Supplementing sialic acid analogs overcomes radiotherapy resistance in triple-negative breast cancer by exacerbating ER stress.

Radiotherapy is a cornerstone treatment for triple-negative breast cancer (TNBC), and its incorporation has significantly delayed tumor recurrence. However, the emergence of radiotherapy resistance remains a major clinical challenge, substantially compromising treatment efficacy. Sialylation play a pivotal role in tumor therapeutic resistance which refers to the covalent linkage of sialic acids at the terminal ends of glycoproteins, a process catalyzed by a family of sialyltransferases. However, the function and mechanisms of sialylation in radiotherapy resistance remain elusive. In this study, upregulation of Galbeta1-4 GlcNAc alpha 2,3 sialyltransferase (ST3GAL4) was observed in association with sialylation in TNBC patients with radiotherapy resistance and predicted poorer survival. ST3GAL4 catalyzed α2,3-sialylation of HSP90B1, then facilitates its retrograde trafficking from the Golgi to ER mediated by SURF4 cargo receptor. ER-localized HSP90B1 accelerates the clearance of radiotherapy-induced misfolded proteins and upregulates the PERK-EIF2α-ATF4 pathway, which further transcriptionally upregulates antioxidant factors, such as SLC1A5, GCLC, and CTNS, to inhibit radiotherapy-induced ROS accumulation, ultimately leading to radiotherapy resistance, and poor clinical outcomes.

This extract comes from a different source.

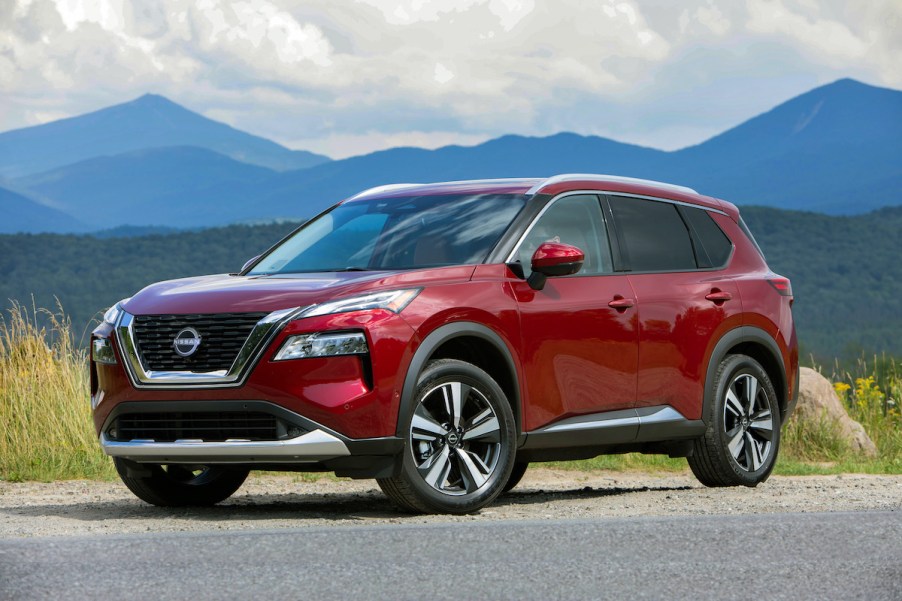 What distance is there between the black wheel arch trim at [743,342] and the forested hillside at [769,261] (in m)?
86.5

Most importantly, sialic acid analogs (SAA) 3Fax-NeuAc inhibited the sialylation of HSP90B1 and its transport to the ER, thereby effectively overcomed radiotherapy resistance in TNBC. This study suggests that ST3GAL4 confers radiotherapy resistance through the induction of adaptive ER stress by sialylated HSP90B1, while the application of SAA provides a novel therapeutic option against radioresistance of TNBC.